TASK DETAILS: Pictures excluded, reproduce exactly the lines below from the one with "Hello, it's Wolfgang" through the one with "Before I get", both included.

DATA FOR ANALYSIS:
↓↓↓

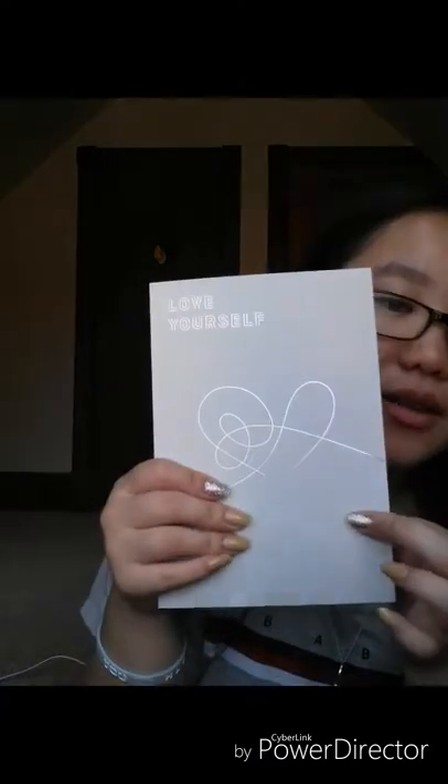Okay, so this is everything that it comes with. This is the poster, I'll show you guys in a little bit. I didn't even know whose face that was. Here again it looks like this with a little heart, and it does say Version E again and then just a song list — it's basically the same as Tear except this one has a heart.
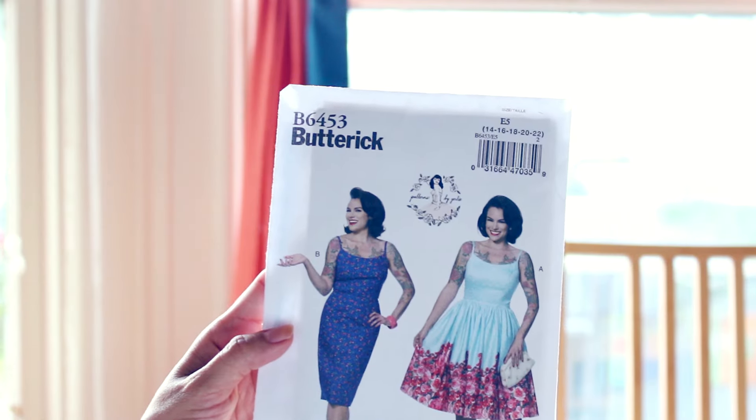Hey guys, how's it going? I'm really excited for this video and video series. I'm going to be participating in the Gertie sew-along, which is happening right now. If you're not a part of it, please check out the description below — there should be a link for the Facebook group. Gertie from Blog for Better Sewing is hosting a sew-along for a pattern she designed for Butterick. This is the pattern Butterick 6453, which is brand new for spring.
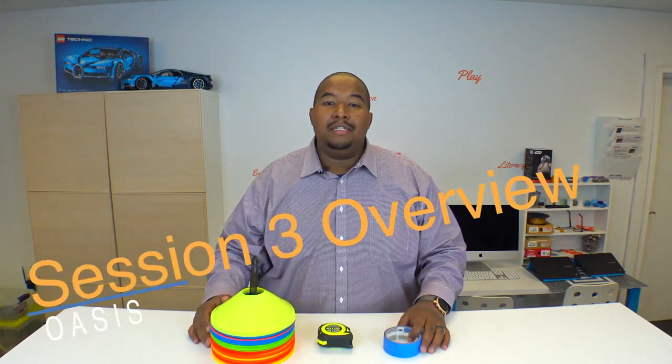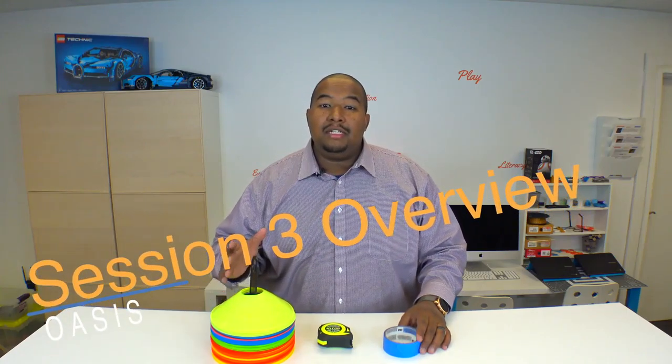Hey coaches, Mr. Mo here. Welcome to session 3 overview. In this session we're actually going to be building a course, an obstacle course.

↑↑↑
↓↓↓

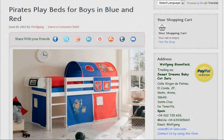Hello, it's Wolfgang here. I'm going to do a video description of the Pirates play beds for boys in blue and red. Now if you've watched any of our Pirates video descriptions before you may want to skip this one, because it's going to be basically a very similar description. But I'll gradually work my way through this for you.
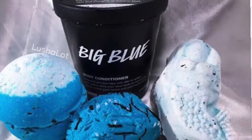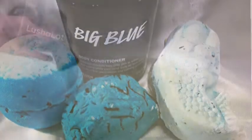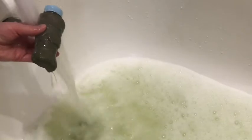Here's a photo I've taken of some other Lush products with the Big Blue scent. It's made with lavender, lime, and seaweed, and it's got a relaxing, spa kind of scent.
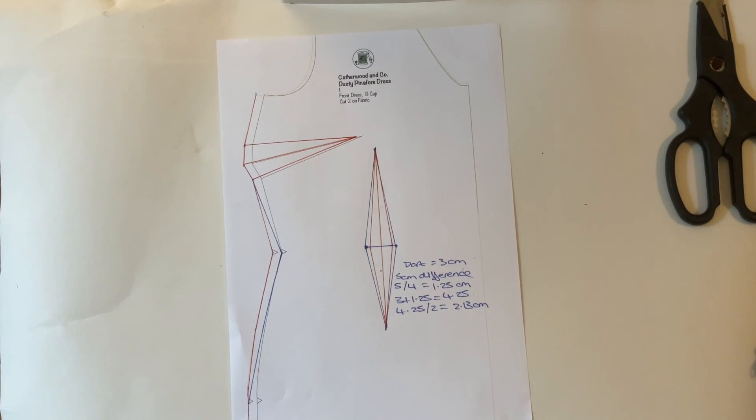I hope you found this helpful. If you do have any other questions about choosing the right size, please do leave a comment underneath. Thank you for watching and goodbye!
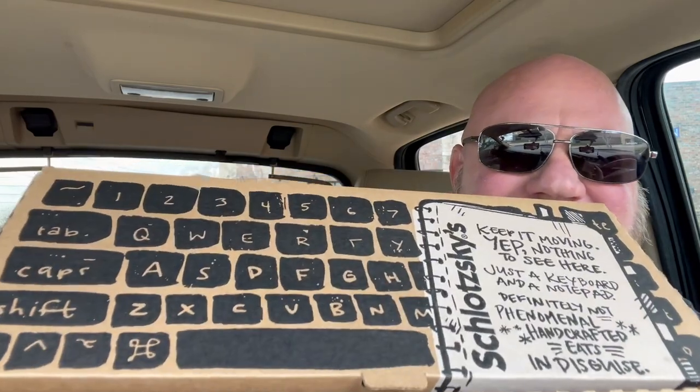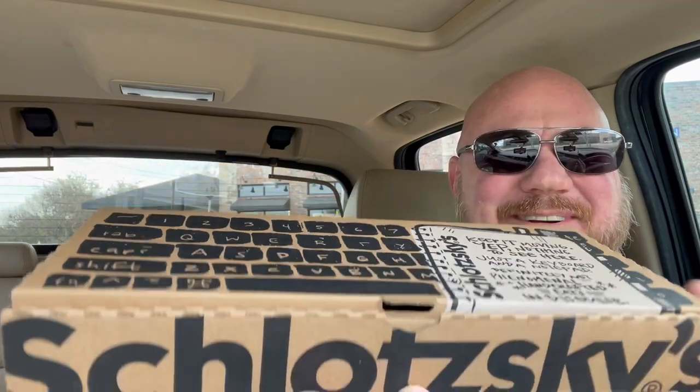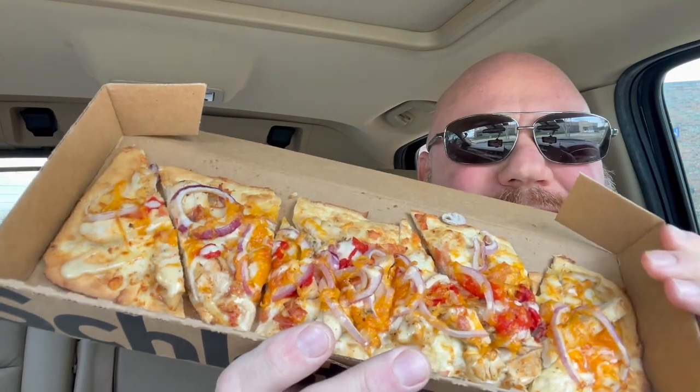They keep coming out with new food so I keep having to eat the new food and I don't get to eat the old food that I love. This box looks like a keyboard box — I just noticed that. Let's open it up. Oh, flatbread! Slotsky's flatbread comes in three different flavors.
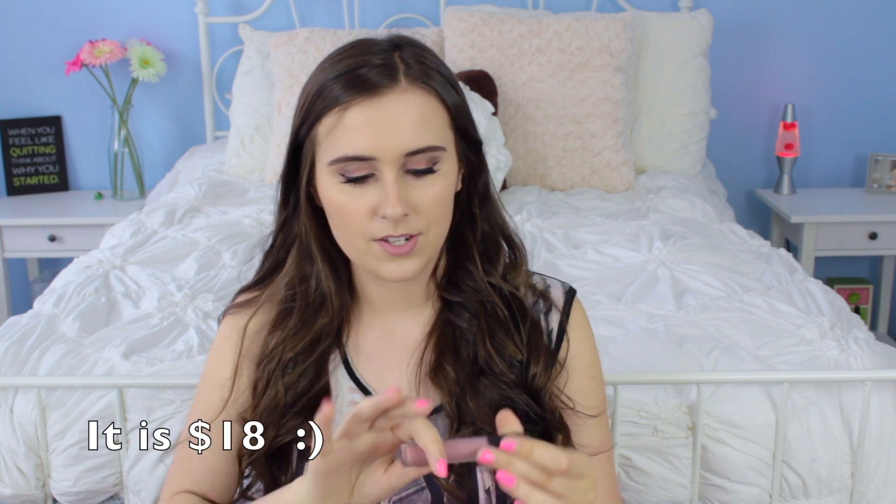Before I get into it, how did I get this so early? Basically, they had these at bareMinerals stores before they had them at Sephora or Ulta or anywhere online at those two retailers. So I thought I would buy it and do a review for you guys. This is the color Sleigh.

↑↑↑

REPLY TO THE EXERCISE:
Hello, it's Wolfgang here. I'm going to do a video description of the Pirates play beds for boys in blue and red. Now if you've watched any of our Pirates video descriptions before you may want to skip this one, because it's going to be basically a very similar description. But I'll gradually work my way through this for you.
Here's a photo I've taken of some other Lush products with the Big Blue scent. It's made with lavender, lime, and seaweed, and it's got a relaxing, spa kind of scent.
I hope you found this helpful. If you do have any other questions about choosing the right size, please do leave a comment underneath. Thank you for watching and goodbye!
They keep coming out with new food so I keep having to eat the new food and I don't get to eat the old food that I love. This box looks like a keyboard box — I just noticed that. Let's open it up. Oh, flatbread! Slotsky's flatbread comes in three different flavors.
Before I get into it, how did I get this so early? Basically, they had these at bareMinerals stores before they had them at Sephora or Ulta or anywhere online at those two retailers. So I thought I would buy it and do a review for you guys. This is the color Sleigh.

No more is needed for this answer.